Kıyâmet Için Ne Hazırladın
Vâbesa bin Ma'bed "radıyallahü anh" şöyle anlatmıştır: Hayır ve şerden her şeyi sormak niyetiyle Resûlullahın "sallallahü aleyhi ve sellem" huzuruna gittim. Bir cemâat toplanmıştı. Kalabalığın arasından geçip Resûlullaha iyice yaklaşmak istedim. Oradakiler bana biraz uzakta dur dediler. Beni bırakınız, Resûlullaha iyice yaklaşayım. Zirâ bana Ondan dahâ sevgili kimse yoktur, dedim. Resûlullah, yaklaş, buyurarak beni huzûruna çağırdı. Mübârek dizlerinin dibine oturdum. "Ey Vâbesa. Hayır ve şerden her şeyi sormak için geldin değil mi?" buyurdu. "Evet yâ Resûlallah" dedim. Mübârek parmaklarını göğsüme koydu ve "Ey Vâbesa, kalbinden fetvâ iste! Kalbine gelen şey iyi ise kalbin sükûnet bulur. Kalbinde tereddüt ve çarpma olursa o şey kötüdür, günâhtır. Sana başkaları fetvâ verseler bile sen kalbine bak!" buyurdu.
Ebû Hüreyre "radıyallahü anh" şöyle anlatmıştır: Resûlullah zamânında iki kişi vardı. Birisi sohbetlere devamlı gelirdi. Diğeri ise sohbetlere az gelir ve iyi ameli de az görülürdü. Sohbetlere devamlı gelen kimse, bir gün Resûlullaha "kıyâmet ne zamân kopacaktır?" diye sordu. Resûlullah "Kıyâmet için ne hazırladın?" buyurdu. "Allahü teâlânın ve Resûlünün muhabbetini hâzırladım" dedi. Resûlullah ona "Sen sevdiklerinle berâber olacaksın ve senin için hesap yoktur" buyurdu...

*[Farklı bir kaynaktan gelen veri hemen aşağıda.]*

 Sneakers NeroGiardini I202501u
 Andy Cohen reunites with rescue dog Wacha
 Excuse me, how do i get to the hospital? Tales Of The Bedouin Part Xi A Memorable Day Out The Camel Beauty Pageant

Sohbetlere az gelen kimse vefât etti. Resûlullah, "Biliyor musunuz, Allahü teâlâ o kişiyi Cennete koydu" buyurdu. Eshâb-ı kirâm "aleyhimürrıdvân" hayret ederek birbirlerine bakıştılar. Bu hâli o şahsın hanımına, yine hayretlerini belirterek söylediler. Hanımı şöyle dedi: Kocam her ezân okunduğunda, müezzin Lâ ilâhe illallah deyince "Allahtan başka ilâh olmadığına şehâdet ederim. Her şehâdet edene Allahü teâlânın kâfi geleceğine inanırım" derdi. Müezzin, Eşhedü enne Muhammeden Resûlullah deyince de "Her şehâdet eden gibi şehâdet ederim. Bu imânım bana kâfidir" derdi. Bu sözleri duyanlar, Resûlullahın huzûruna döndüklerinde, daha onlar bir şey söylemeden, Resûlullah, o kimsenin hanımının anlattıklarını söyledi ve "Allahü teâlâ onu, bu sebeple Cennete koydu" buyurdu.